Editorial.
Qui est Jean de la Croix ? Jean de Yepes naît en juin 1542 à Fontiveros (Espagne), dans une famille pauvre. Son enfance est marquée par la souffrance : la mort de son père, puis de l’un de ses frères. Catalina et ses enfants vont connaître la misère, l’exclusion, l’errance… Arrivés à Médina del Campo, Jean a 9 ans, fréquente le Collège des enfants pauvres. Adolescent, il devient infirmier à l’hôpital. Remarqué par sa générosité, et ses aptitudes intellectuelles, il est admis au Collège des Jésuites. Rude école où se forge en lui un tempérament combatif, déterminé, serein. A 21 ans, il entre au Carmel de Médina, poursuit des études brillantes à l’Université de Salamanque…Tourmenté par le désir absolu de Dieu, et d’une plus grande solitude, il envisage d’entrer à la Chartreuse. Mais il rencontre Thérèse de Jésus (Thérèse d’Avila) qui le persuade de ne pas quitter le Carmel mais de l’aider dans sa réforme. En novembre 1568, il fonde le premier couvent des Carmes déchaux (carmes réformés) à Duruelo, et prend le nom de Jean de la Croix. Là, il s’adonne à une vie de contemplation intense et d’apostolat auprès des paysans des alentours. Jean de la Croix aura beaucoup à souffrir par les Carmes hostiles à la réforme : le cachot pendant 9 mois (c’est là qu’il écrit ses plus beaux poèmes), de lourdes charges de responsabilités, l’incompréhension de ses propres frères. Malade, épuisé, il meurt à Ubeda dans la nuit du 13-14 décembre 1591.
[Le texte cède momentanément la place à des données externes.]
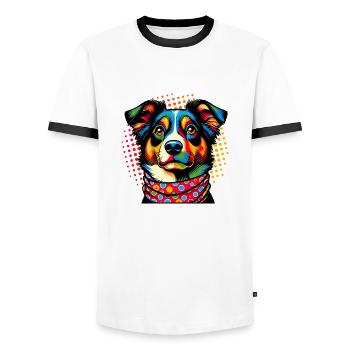 Amour de chien Style Pop Art - T-shirt contrasté Homme - blanc/noir - Devant - AI Model Female 172 light (172cm) & AI Model Male 178 dark (178cm)
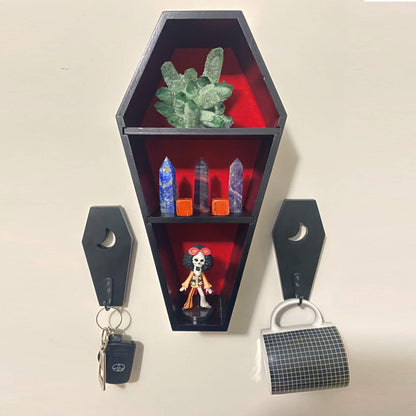 Ella & Emma Wall Mounted Coffin-Shaped Key Holder - Gothic Home Decor Wall Hanger with Hook - Gothic & Spooky Halloween Decor for Home - 2 Pieces (Coffin & Moon)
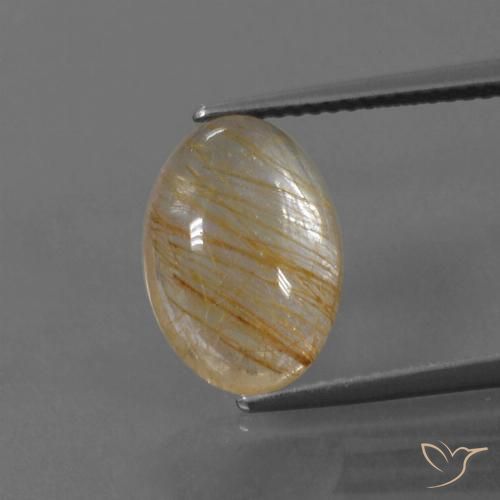 4.60ct Natural Marrón muy claro Cuarzo rutilo, Ovalada, Transparente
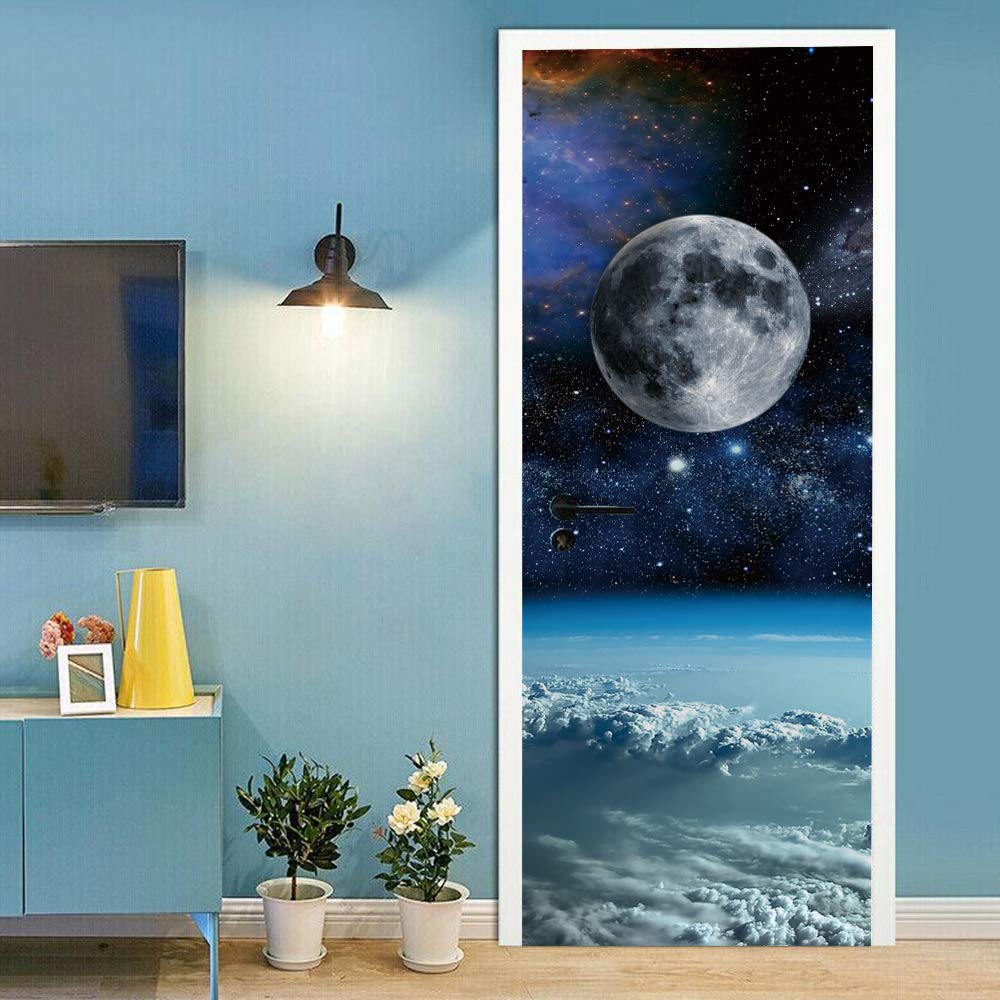 Sticker de porte effet ciel étoilé 88x200 trompe l'oeil pour déco chambre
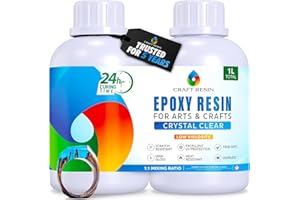 Craft Resin 1L Epoxidharz Set - Transparent Epoxid Harz, Harz Gießen & Härter für Kunstwerke Gießharz, DIY, Holz, Untersetzer & Gießformen, Lebensmittelsicheres - Hitze- & UV-Beständig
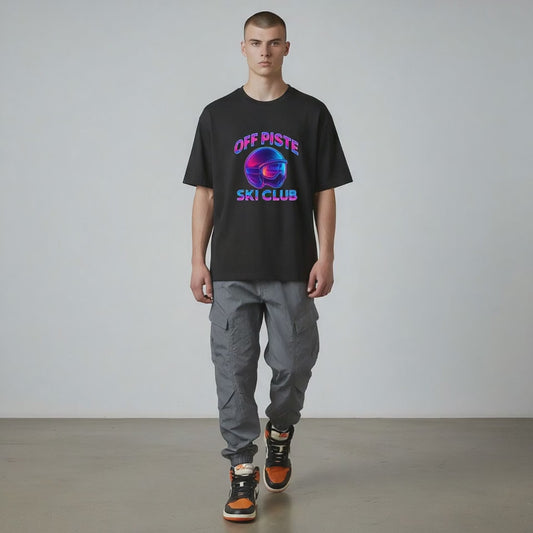 OFF PISTE ELECTRO SKI CLUB T SHIRT BLACK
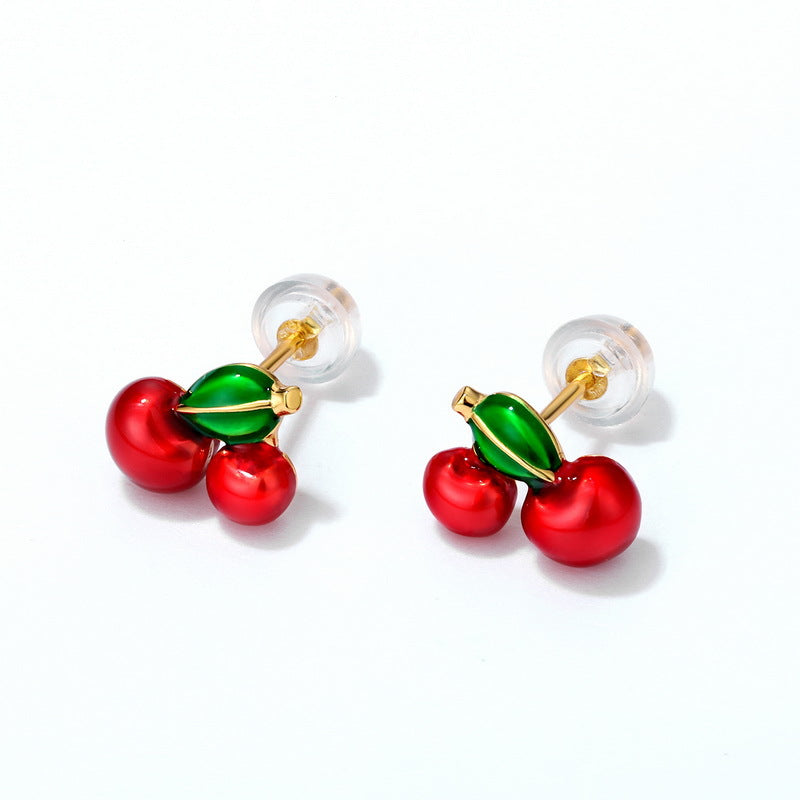 Cherry Sterling Silver Stud Earrings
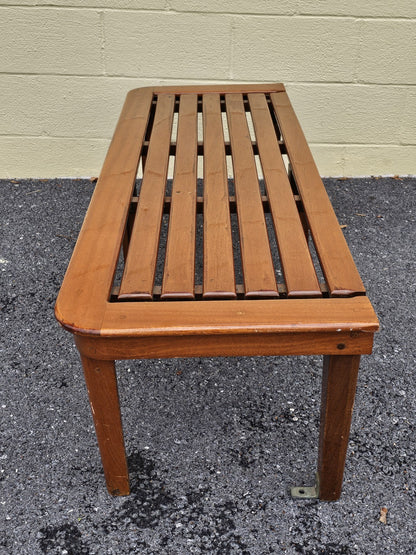 Mid Century Modern Teak Slat Boat Bench Vintage Wood Coffee Conversation Table 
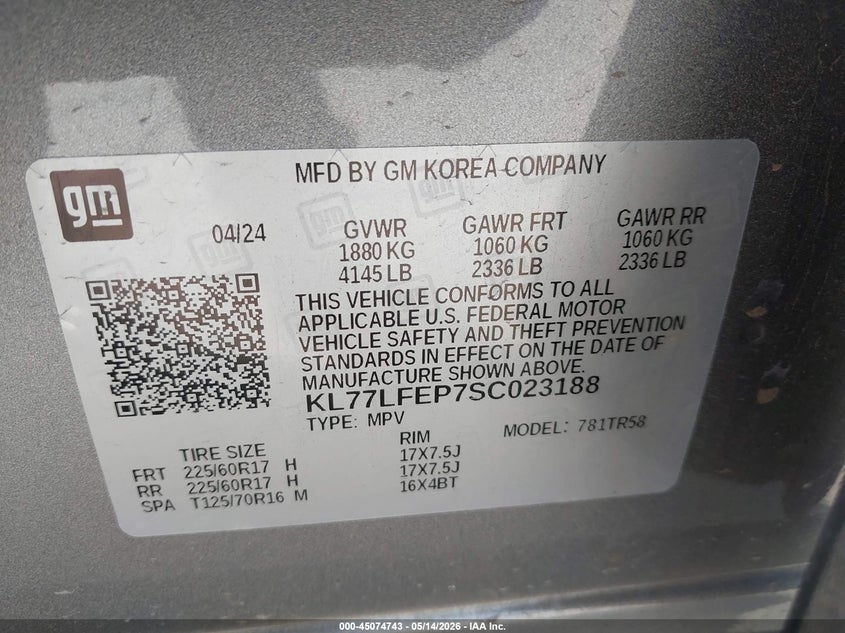 2025 Chevrolet Trax VIN KL77LFEP7SC023188 IAAI salvage auction — FRONT END, Original (Texas), sold $6,150 on 2026-07-13 (photo 9)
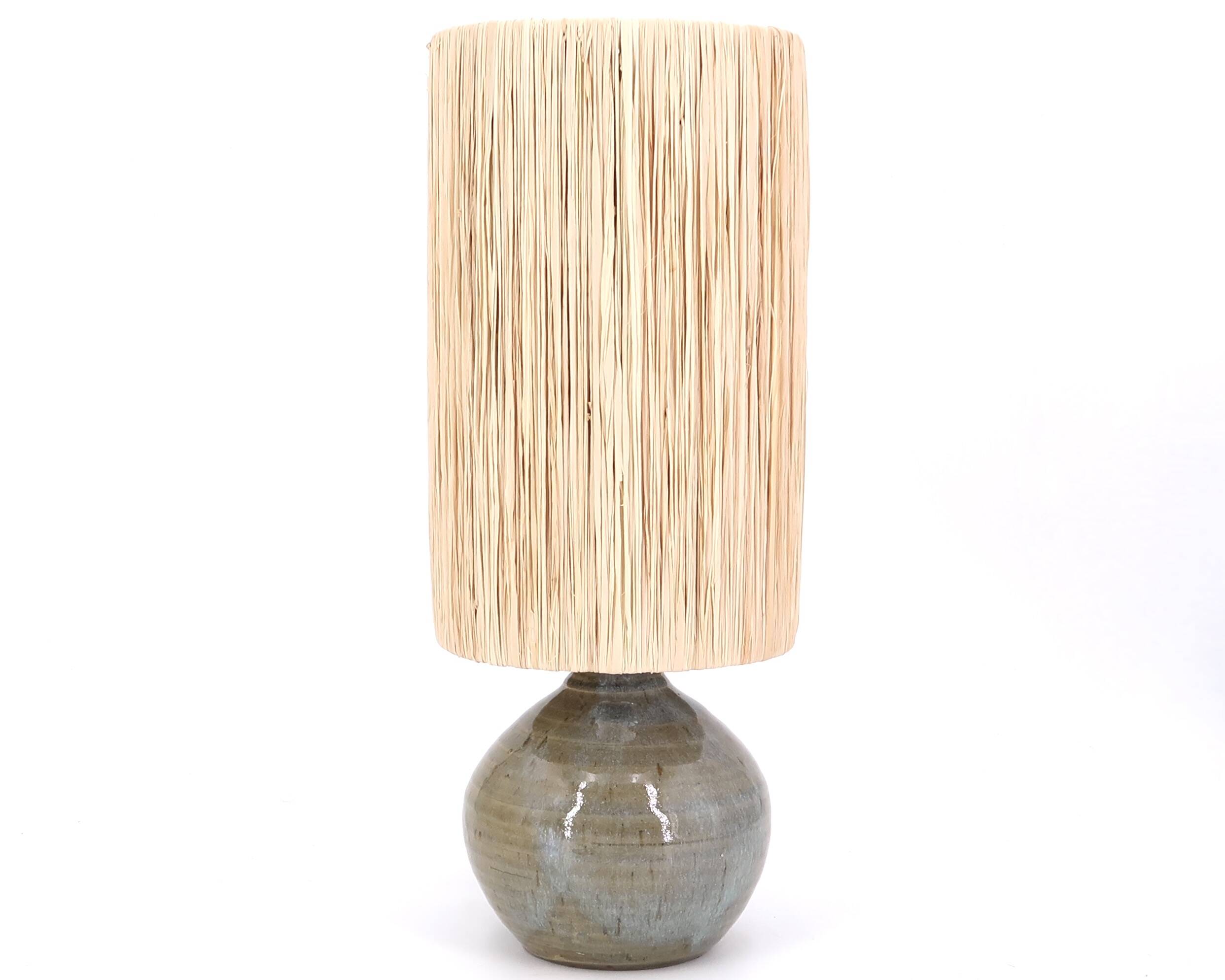 Stoneware potter's lamp, raffia lampshade, 70s ceramic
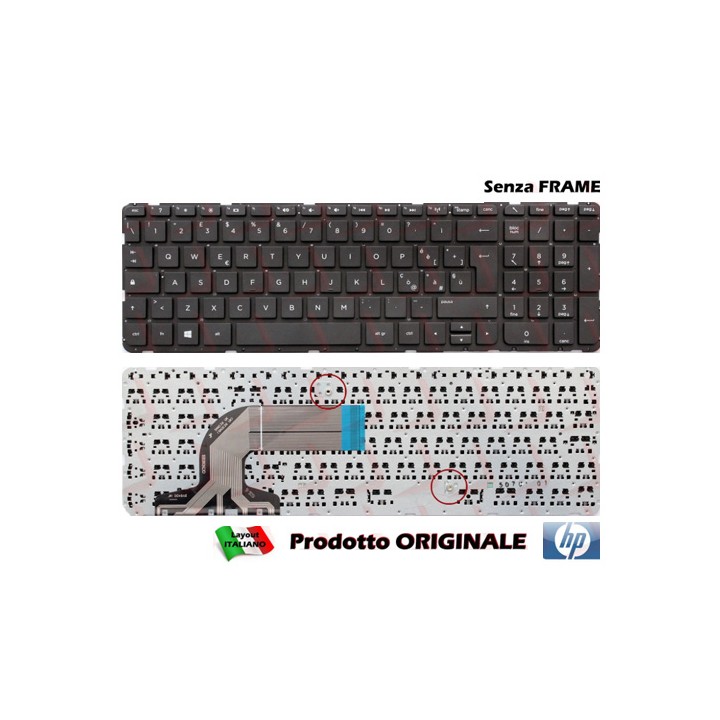 Tastiera Italiana Senza Frame HP 15-G / 15-R / 250 G3 / 255 G3 / HP COMPAQ 15-H 15-S PAVILION 15-E 15-N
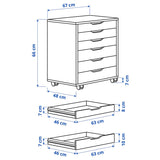 IKEA ALEX drawer on castors, white stained oak effect, 67x66 cm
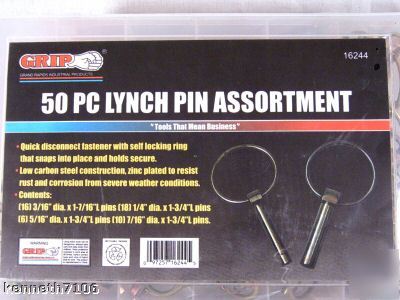 New 50 pc lynch pin assortment grip w/ case spring pins 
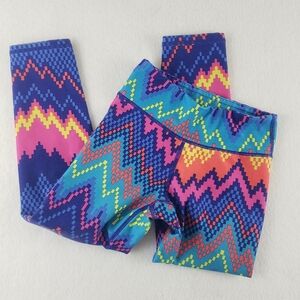 Gap Fit Dry Leggings Girls Size XS or 4/5 Multicolored Zig Zags Chevrons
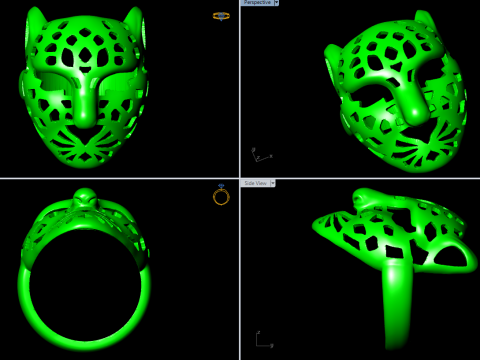 Leopard ring - Panther ring - N913024 Model Cetak 3D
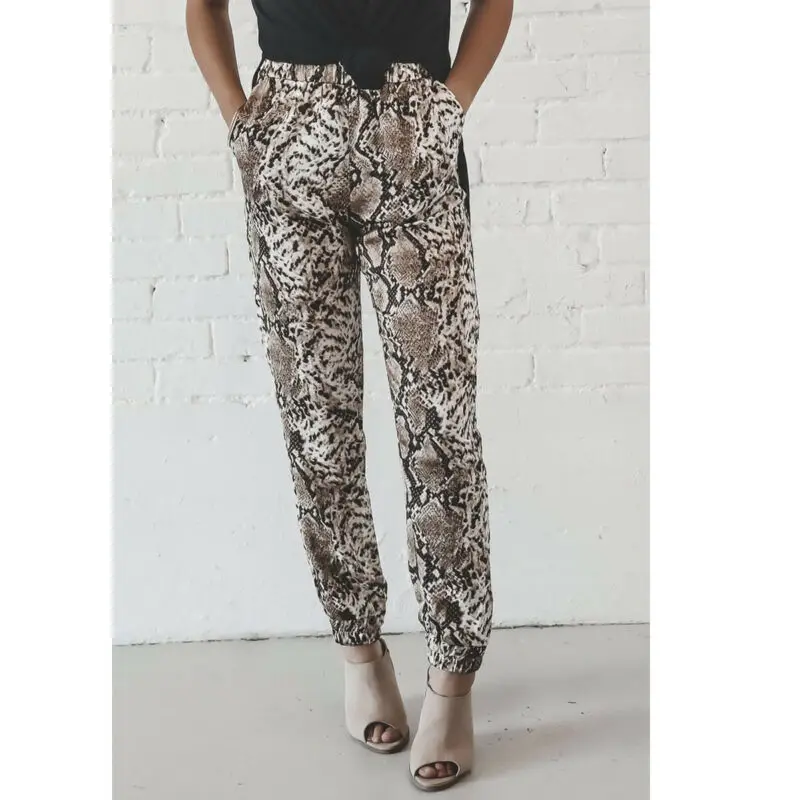 

Женские леггинсы с принтом змеиной кожи, с высокой талией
Ses plus grandes œuvres sont :
– La Montée du Carmel (MC)
– La Nuit obscure (NO)
– Le Cantique Spirituel (CS A et B)
– La Vive Flamme d’amour (VFl)
Il écrit ses poèmes pour exprimer et chanter sa relation vivante et vraie avec Dieu. Plus tard il en écrira les commentaires pour tous ceux et celles qui cherchent Dieu et désirent entrer dans une vie de prière, une vie d’oraison.
Jean de la Croix peut devenir le guide et l’ami de ceux qui cherchent une plus grande intimité avec Dieu, pour chacun de nous. Il l’a été pour Thérèse de l’Enfant Jésus : dans presque tous ses écrits, elle emprunte et cite Jean de la Croix (plus de 100 fois, elle connaissait très bien ses écrits).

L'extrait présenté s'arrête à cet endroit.